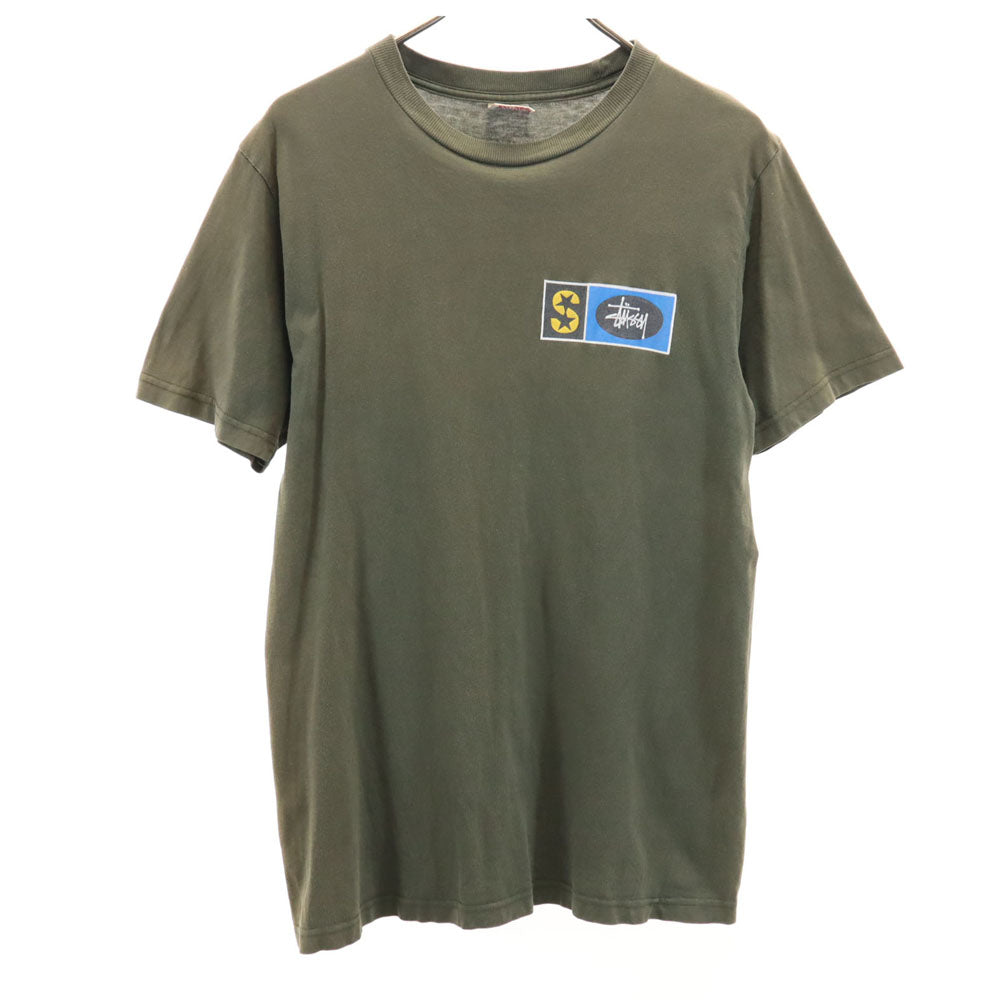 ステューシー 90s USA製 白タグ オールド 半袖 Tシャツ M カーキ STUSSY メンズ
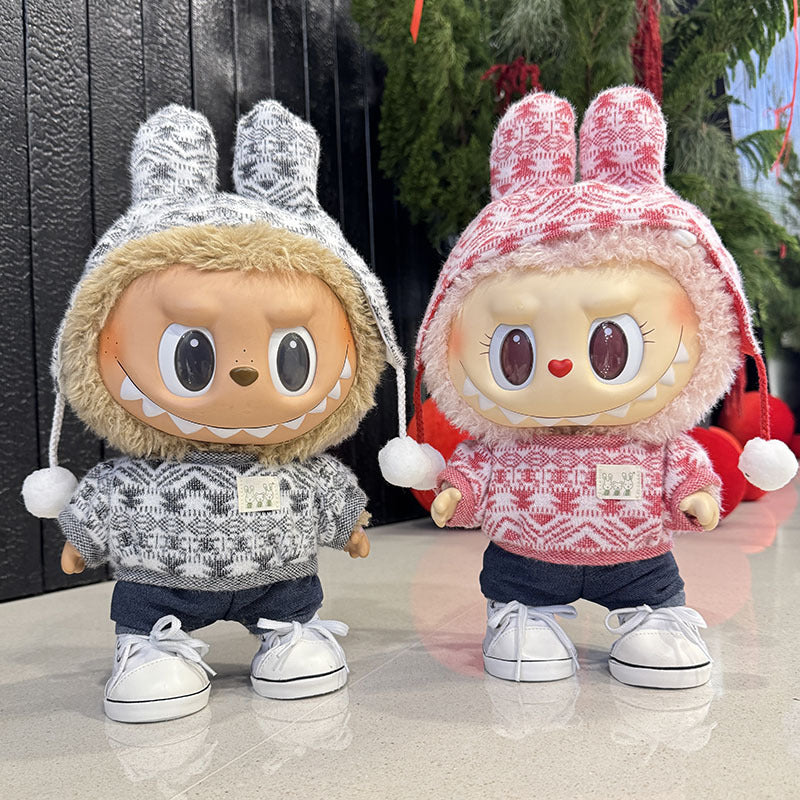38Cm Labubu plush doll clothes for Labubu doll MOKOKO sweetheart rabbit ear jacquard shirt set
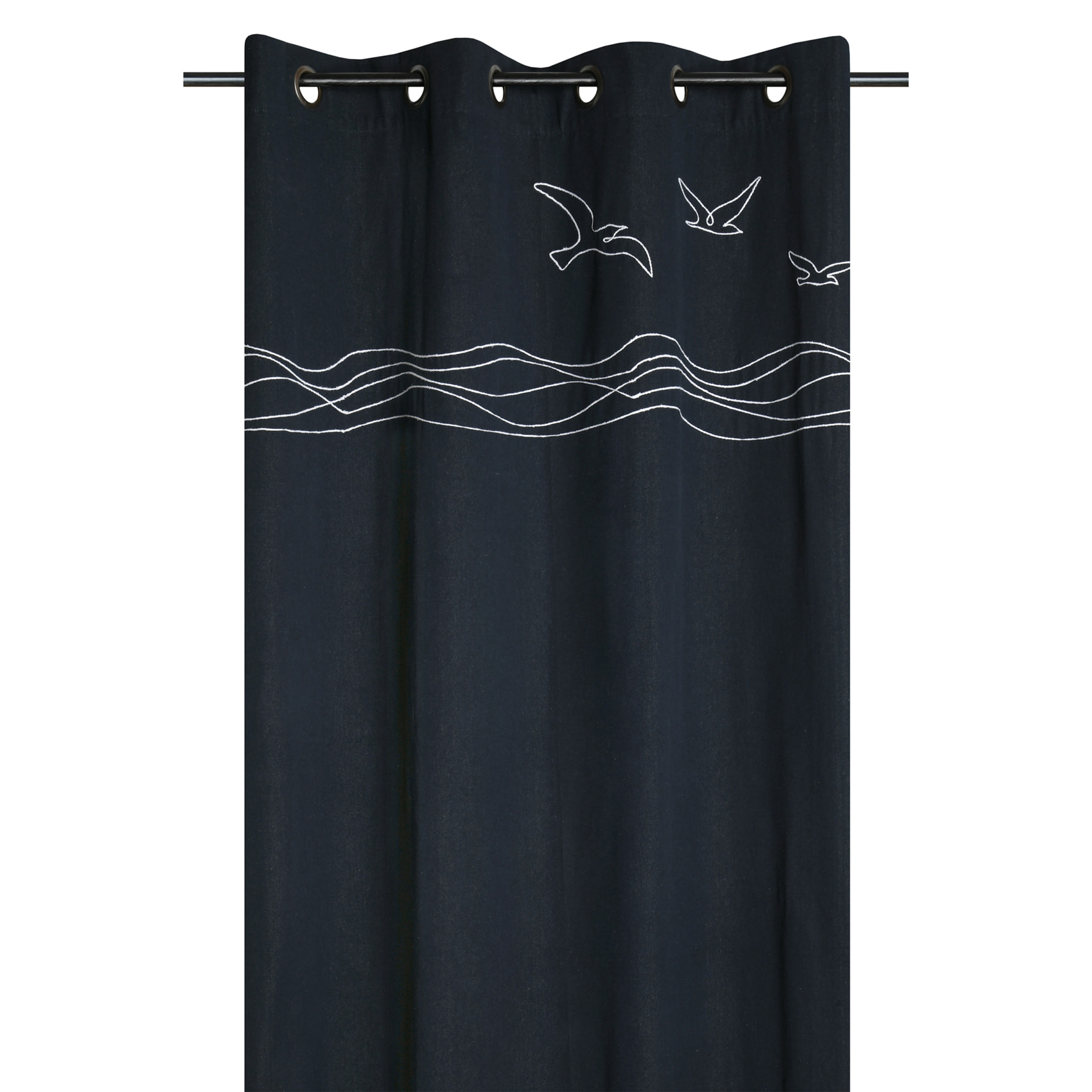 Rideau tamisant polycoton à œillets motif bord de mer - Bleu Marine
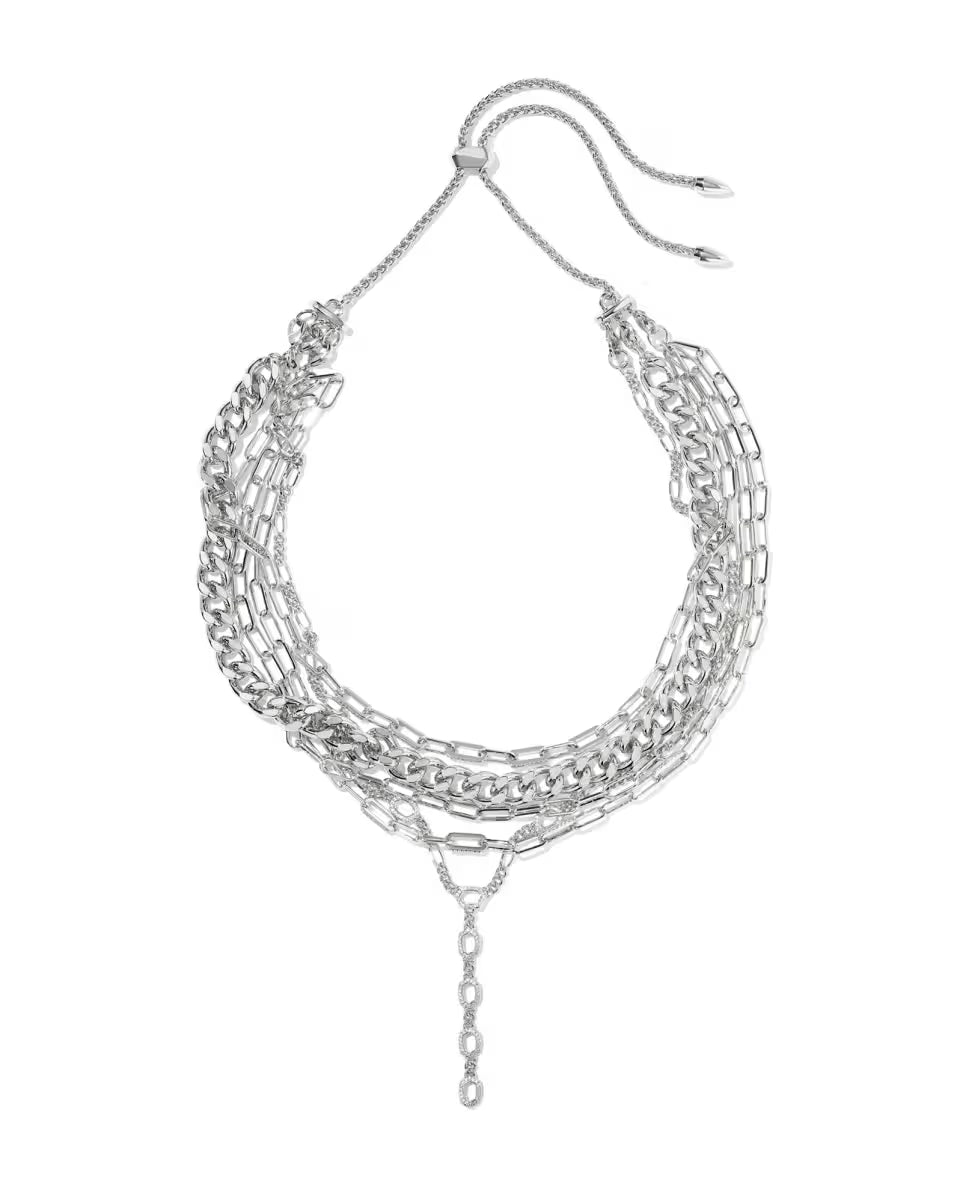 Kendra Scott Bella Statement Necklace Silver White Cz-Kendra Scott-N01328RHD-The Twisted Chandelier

──────

- [Task objective]: Could you copy each line above exactly as written, minus any pictures?

- [The completed task]:
 ステューシー 90s USA製 白タグ オールド 半袖 Tシャツ M カーキ STUSSY メンズ
38Cm Labubu plush doll clothes for Labubu doll MOKOKO sweetheart rabbit ear jacquard shirt set
 Rideau tamisant polycoton à œillets motif bord de mer - Bleu Marine
 Kendra Scott Bella Statement Necklace Silver White Cz-Kendra Scott-N01328RHD-The Twisted Chandelier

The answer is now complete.